The people saw this, and they were glad of it; and they gave him their princesses as wives, that he might bring back to life their dead ones. They were afraid of him when they saw him using his death-bringer, with which he burned the other side of the river.
Then they planned how to spoil (a?mê'
la) his supernatural powers. They wanted to get their princesses back, because they were ashamed that he had all the best women as wives, and because they were afraid of him. They assembled, and talked about how they could get the better of him.
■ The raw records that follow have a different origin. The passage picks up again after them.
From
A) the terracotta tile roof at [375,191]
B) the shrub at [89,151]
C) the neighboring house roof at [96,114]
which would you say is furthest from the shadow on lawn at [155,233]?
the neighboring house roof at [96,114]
Finally they decided to invite him to a feast. There they gave him menstrual fluid, dung of wolf, and other poison, to kill him. He, however, kicked a rock away, and placed it on a point of land as a fighting hill (xusE'la); and there he built a house for his brother to dance in. They did not succeed in killing him with poison. Then they thought of the power of women, and they gave him all the women from all over the country as his wives. This destroyed his supernatural powers; he became an ordinary man (ba'xus), because he had too many wives. Finally he and his brother died.